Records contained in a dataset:

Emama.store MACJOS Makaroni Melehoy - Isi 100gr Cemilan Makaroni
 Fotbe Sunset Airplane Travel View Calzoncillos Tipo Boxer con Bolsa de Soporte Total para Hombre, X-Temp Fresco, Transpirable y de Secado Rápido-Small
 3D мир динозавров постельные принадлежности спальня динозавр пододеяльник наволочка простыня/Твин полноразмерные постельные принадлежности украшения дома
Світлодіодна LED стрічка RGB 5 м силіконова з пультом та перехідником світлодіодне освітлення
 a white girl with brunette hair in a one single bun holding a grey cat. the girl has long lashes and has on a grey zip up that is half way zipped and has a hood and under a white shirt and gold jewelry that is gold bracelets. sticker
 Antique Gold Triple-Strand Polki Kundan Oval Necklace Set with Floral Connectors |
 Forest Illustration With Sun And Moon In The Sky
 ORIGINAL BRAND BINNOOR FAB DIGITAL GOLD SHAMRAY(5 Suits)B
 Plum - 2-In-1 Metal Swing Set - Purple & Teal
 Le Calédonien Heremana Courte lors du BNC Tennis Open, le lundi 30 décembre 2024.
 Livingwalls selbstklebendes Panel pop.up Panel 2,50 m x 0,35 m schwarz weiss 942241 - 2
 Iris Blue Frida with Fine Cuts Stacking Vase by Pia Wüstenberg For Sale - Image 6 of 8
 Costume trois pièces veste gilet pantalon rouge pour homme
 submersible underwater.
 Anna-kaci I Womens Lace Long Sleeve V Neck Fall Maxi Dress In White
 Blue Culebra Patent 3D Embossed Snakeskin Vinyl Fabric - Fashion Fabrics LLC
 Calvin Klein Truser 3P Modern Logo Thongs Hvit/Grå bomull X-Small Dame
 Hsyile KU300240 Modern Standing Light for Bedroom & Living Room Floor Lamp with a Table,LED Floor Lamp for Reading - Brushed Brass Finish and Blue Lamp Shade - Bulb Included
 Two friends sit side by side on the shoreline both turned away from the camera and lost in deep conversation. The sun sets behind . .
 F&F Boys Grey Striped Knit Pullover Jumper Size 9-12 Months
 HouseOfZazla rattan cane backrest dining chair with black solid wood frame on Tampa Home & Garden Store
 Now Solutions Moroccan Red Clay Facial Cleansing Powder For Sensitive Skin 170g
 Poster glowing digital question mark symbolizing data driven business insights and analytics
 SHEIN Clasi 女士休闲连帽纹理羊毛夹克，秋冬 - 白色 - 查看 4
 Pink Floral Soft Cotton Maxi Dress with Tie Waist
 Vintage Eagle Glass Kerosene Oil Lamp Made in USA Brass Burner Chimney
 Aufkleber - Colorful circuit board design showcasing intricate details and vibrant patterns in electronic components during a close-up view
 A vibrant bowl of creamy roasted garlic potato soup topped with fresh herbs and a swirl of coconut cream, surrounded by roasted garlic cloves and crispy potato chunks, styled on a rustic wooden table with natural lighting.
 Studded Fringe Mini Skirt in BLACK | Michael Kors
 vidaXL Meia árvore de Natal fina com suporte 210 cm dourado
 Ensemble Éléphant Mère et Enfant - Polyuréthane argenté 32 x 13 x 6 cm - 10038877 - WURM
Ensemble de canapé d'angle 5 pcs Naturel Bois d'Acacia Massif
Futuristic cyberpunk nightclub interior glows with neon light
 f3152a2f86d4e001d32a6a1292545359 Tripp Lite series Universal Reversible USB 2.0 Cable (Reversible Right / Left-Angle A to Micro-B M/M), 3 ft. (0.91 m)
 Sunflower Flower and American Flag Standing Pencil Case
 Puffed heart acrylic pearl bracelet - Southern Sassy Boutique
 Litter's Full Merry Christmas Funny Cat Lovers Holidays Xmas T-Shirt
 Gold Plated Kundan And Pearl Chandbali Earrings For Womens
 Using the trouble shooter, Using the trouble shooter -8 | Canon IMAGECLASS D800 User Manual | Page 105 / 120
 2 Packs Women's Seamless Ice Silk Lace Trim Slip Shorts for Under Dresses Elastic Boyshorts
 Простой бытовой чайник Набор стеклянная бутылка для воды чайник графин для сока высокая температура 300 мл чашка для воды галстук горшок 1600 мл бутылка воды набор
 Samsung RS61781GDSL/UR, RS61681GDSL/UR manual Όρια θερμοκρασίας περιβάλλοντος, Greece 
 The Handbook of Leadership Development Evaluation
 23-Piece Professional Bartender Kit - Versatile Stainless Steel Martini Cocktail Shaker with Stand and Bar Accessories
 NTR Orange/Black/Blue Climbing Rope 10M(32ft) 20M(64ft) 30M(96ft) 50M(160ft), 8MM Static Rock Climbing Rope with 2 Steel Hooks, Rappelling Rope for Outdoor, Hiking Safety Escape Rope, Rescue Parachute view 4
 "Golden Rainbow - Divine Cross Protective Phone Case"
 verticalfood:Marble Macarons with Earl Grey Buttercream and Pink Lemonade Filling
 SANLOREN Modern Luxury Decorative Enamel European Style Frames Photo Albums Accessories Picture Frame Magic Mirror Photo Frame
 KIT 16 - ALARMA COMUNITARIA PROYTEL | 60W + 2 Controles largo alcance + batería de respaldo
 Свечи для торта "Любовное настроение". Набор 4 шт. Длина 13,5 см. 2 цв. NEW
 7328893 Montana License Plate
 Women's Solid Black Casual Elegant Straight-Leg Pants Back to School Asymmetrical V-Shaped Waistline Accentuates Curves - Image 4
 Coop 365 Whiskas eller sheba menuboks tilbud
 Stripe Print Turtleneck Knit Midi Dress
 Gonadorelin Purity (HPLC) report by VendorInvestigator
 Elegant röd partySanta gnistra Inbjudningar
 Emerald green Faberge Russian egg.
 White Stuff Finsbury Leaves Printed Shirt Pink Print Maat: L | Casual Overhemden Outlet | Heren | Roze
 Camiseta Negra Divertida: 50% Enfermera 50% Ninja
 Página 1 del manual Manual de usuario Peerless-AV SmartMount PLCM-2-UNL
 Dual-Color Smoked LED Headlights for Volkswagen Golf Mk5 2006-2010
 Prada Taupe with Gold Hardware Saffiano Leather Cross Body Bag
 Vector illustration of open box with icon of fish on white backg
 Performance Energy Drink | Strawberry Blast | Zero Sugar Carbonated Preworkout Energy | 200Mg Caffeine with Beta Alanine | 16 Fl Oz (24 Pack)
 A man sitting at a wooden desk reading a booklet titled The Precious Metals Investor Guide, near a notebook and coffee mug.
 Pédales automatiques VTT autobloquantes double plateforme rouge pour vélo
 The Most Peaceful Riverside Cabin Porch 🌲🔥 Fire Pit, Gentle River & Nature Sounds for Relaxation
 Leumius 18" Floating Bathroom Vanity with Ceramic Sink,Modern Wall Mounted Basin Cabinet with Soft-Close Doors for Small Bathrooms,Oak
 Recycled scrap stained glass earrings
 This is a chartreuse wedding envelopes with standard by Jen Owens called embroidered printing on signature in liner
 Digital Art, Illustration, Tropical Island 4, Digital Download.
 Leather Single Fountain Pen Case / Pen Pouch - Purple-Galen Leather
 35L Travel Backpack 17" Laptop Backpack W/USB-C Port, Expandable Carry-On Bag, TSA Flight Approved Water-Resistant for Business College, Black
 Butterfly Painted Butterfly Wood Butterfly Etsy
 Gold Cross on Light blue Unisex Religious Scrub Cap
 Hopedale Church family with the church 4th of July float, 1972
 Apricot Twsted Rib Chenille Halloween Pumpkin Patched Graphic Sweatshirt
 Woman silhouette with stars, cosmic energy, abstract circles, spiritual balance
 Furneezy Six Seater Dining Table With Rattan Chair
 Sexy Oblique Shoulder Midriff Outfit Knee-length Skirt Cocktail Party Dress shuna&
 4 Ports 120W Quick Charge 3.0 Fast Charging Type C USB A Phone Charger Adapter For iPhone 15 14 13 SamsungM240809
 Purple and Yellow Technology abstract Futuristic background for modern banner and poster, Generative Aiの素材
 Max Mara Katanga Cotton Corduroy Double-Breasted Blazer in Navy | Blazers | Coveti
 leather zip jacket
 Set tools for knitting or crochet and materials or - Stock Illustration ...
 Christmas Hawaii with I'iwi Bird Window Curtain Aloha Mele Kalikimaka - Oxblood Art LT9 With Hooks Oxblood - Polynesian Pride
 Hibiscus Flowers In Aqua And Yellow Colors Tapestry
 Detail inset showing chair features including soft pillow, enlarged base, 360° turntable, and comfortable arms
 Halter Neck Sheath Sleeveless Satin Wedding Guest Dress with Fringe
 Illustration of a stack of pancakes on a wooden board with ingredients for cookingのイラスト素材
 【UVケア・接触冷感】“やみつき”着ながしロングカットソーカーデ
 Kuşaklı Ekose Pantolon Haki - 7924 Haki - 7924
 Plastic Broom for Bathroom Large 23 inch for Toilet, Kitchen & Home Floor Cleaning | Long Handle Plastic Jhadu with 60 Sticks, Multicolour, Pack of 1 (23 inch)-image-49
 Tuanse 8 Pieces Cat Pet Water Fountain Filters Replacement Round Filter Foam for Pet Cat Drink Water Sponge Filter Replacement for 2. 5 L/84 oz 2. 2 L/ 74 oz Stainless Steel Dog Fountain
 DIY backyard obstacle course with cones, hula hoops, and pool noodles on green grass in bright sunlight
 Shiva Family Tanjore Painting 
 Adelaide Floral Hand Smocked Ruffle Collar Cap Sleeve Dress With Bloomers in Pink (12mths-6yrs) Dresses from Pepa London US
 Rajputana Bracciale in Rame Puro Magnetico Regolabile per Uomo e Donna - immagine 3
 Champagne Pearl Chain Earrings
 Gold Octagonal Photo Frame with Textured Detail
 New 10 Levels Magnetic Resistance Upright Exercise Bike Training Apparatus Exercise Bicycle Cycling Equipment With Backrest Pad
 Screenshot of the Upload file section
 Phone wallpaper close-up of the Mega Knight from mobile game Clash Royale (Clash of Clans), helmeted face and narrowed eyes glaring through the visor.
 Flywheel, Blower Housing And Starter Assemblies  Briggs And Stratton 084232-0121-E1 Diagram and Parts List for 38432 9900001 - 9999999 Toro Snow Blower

▶ _Task to complete_: Each line containing the word "wooden" needs to be copied from the data above.

▶ _Your response_:
 A vibrant bowl of creamy roasted garlic potato soup topped with fresh herbs and a swirl of coconut cream, surrounded by roasted garlic cloves and crispy potato chunks, styled on a rustic wooden table with natural lighting.
 A man sitting at a wooden desk reading a booklet titled The Precious Metals Investor Guide, near a notebook and coffee mug.
 Illustration of a stack of pancakes on a wooden board with ingredients for cookingのイラスト素材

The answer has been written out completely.